Cuando se habla del auge contemporáneo del fascismo y del totalitarismo —de Estados Unidos a Europa, de América Latina a la India— tendemos a imaginar un retorno del pasado: el eco de los años treinta, la resurrección de los viejos nacionalismos, el autoritarismo de masas ondeando banderas identitarias. Sin embargo, esta nostalgia del horror puede engañarnos. Si viviera hoy, Gilles Deleuze nos invitaría a mirar en otra dirección: no hacia los Estados que endurecen sus fronteras, sino hacia los deseos que las sostienen.
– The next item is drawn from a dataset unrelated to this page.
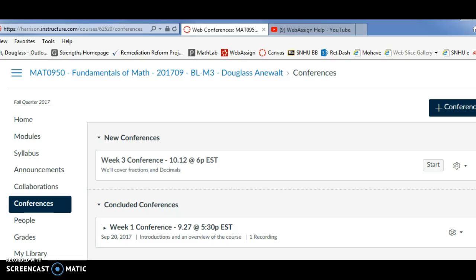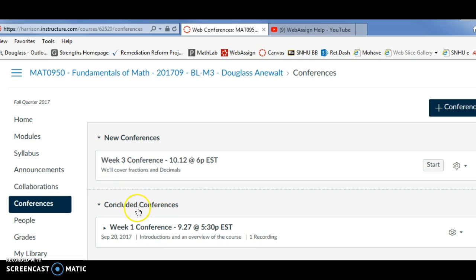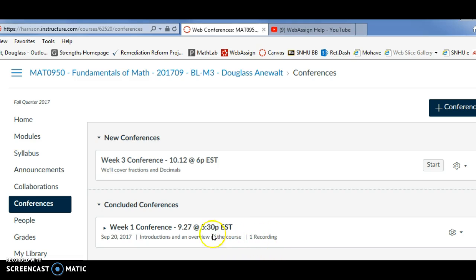To watch a recorded conference, click on the Conferences tab. Recorded conferences will appear in the Concluded Conferences section. If the conference has a recording, it will say Recording right here.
Para el filósofo francés, el fascismo nunca fue solo una ideología o un régimen. Es, ante todo, una forma de deseo: el deseo de obedecer, de purificar, de cerrar, de simplificar lo complejo. Por eso Deleuze hablaba de microfascismos, esos que se infiltran en la vida cotidiana, en las relaciones laborales, en las dinámicas familiares, en el lenguaje digital. Antes de tomar el poder, el fascismo se instala en los afectos. Y esa es, quizá, la clave del momento que vivimos: la nueva ola autoritaria prospera porque ha conquistado la imaginación y la sensibilidad social antes que las instituciones.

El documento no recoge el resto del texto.